La más penosa muestra de cobardía la ofrece el subteniente Pajares, encargado de la gestión del personal del batallón que mandaba Lezcano. Pajares había ofrecido su ayuda a Zaida antes del juicio, pues aseguraba conocer muchos casos y sentirse avergonzado. Sin embargo, ante el tribunal afirma no acordarse de nada, salvo de que Lezcano nunca se sobrepasó. Al acabar la jornada, José se lo topa en el pasillo y le pregunta:
—¿Cuántos años tiene?
—Cincuenta y dos.
—¿Y no te da vergüenza, con tu carrera ya terminada, venir aquí a mentir? ¿Qué ventajas vas a obtener? ¿No tienes honor ni vergüenza? ¿Qué educación vas a dejar a tus hijos?
Sollozando, sólo acertó a contestar que no podía seguir hablando y se marchó.
Aquel día, a José se le terminan de abrir los ojos respecto a los supuestos valores que los mandos defienden en aquella institución en la que había creído y confiado. Ante él, de manera inequívoca, acaban de desfilar el deshonor y la mentira con sus medallas. Ni los tenientes coroneles, ni los coroneles, ni los generales —es decir, los más altos responsables de los cuarteles— sienten el menor respeto a la verdad. Han actuado claramente en bloque, de manera que la cúpula del cuartel donde todo ocurrió parece haberse conjurado para ofrecer una versión exculpatoria de quien está acusado de graves delitos. «Ni conocen el significado de la ética ni los valores morales que permanentemente invocan ante la tropa y el resto de los mandos —piensa José—. Tampoco tienen sentido del compañerismo, pues para ellos la lealtad siempre es entendida respecto a los compañeros con más alto grado. No les importa mentir en un juicio para conseguir una medalla, un mejor destino, un mejor IPEC, o quizá simplemente una palmadita en la espalda.»
«No tengo cabida en un ejército como éste, y en estas condiciones, no quiero pertenecer a él.» Así piensa José después del bochornoso espectáculo y a pesar de los veinte años de servicio que lleva a sus espaldas.
Con razón, en las conclusiones finales, el abogado de Zaida se congratuló irónicamente de que hubiera en el Ejército de Tierra militares con grado distinto al de teniente coronel o coronel, «porque al llegar a cierta edad, la memoria se vuelve quebradiza», aseguró.

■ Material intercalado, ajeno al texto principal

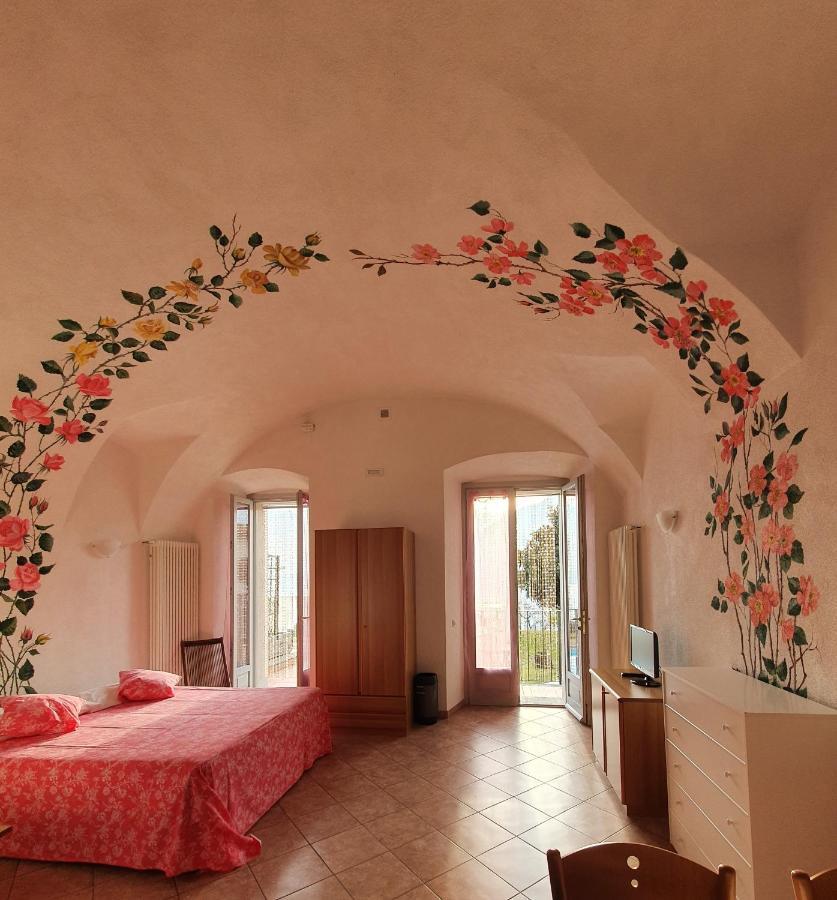 Mezzegra Residence Celeste מראה חיצוני תמונה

El fiscal no duda en afirmar que toda la cadena de mando estaba al tanto de que Lezcano se propasó con Zaida. El general insaculado no ahorró incluso una reprimenda a los altos mandos, al reprocharles que por haber restado importancia a este asunto —es decir, por ser negligentes en su responsabilidad— habían llegado hasta los tribunales. La responsabilidad de los superiores quedaba sentada de forma visible. El reproche moral más sutil lo formula el abogado del Estado, que se abstiene de realizar una intervención final —en la que se habría esperado que defendiera a Lezcano—, afirmando: «Mi papel no es sólo defender al Ministerio de Defensa, sino al Estado en su conjunto». Únicamente incide en que la indemnización sea la mínima posible y que el Estado no sea responsable subsidiario para no castigar al erario público.
José no olvidará nunca el estremecimiento que sintió cuando uno de los generales del tribunal se dirigió, visiblemente contrariado con lo que estaba pasando, y le espetó a Lezcano: «Me avergüenzo de vestir el mismo uniforme que usted».